> _Given entries_:
§ §

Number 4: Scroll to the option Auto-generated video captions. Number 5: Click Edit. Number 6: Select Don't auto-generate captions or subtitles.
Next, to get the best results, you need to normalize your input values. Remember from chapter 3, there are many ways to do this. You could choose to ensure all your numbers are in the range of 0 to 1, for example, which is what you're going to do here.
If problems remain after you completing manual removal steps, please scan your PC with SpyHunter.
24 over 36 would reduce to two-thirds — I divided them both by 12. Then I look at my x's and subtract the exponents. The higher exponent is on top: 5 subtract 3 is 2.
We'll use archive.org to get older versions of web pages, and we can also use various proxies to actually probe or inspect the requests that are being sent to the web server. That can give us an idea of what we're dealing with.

§ §

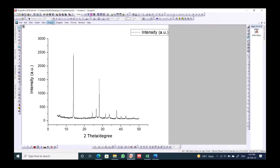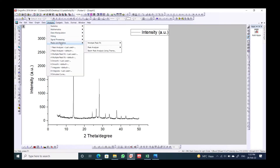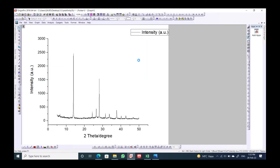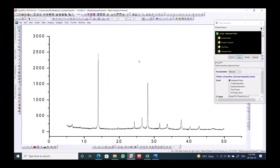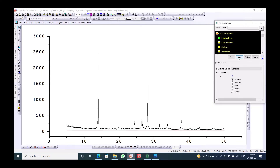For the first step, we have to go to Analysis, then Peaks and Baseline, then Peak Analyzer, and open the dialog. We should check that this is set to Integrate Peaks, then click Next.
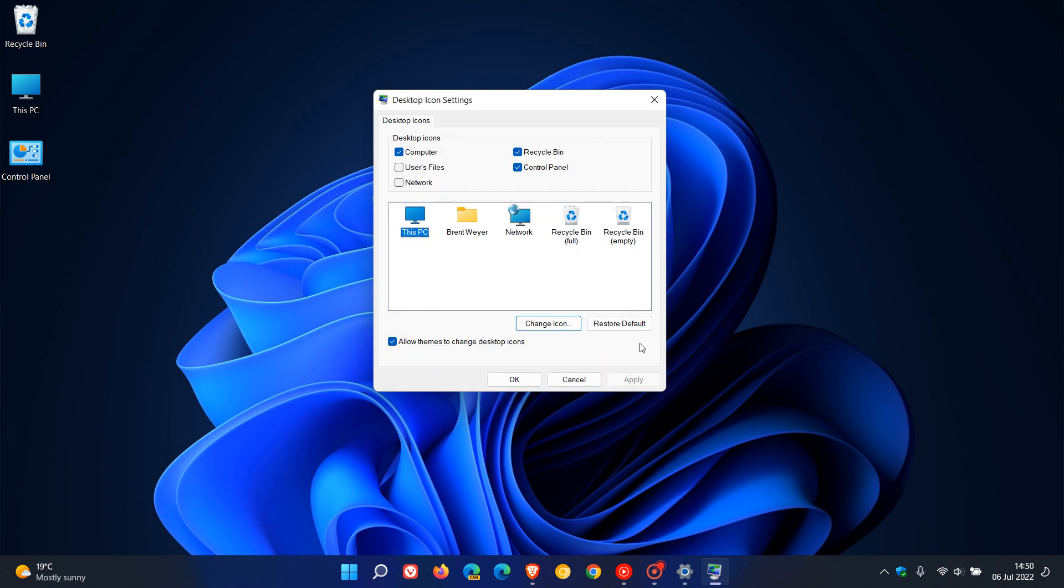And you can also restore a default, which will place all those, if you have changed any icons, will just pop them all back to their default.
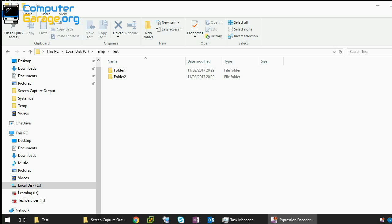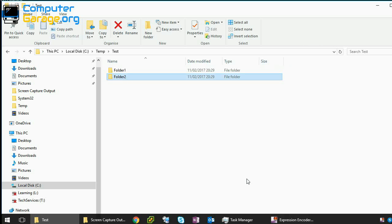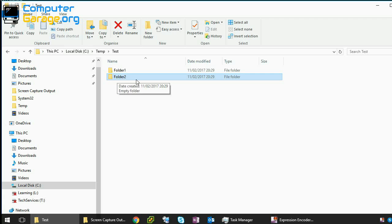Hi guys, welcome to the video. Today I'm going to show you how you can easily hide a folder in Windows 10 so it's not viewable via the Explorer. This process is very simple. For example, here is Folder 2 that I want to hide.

§ §

> _Exercise details_:
Please say how many lines in the entries hold the string "with". Give only the number.

> _Response to the exercise_:
2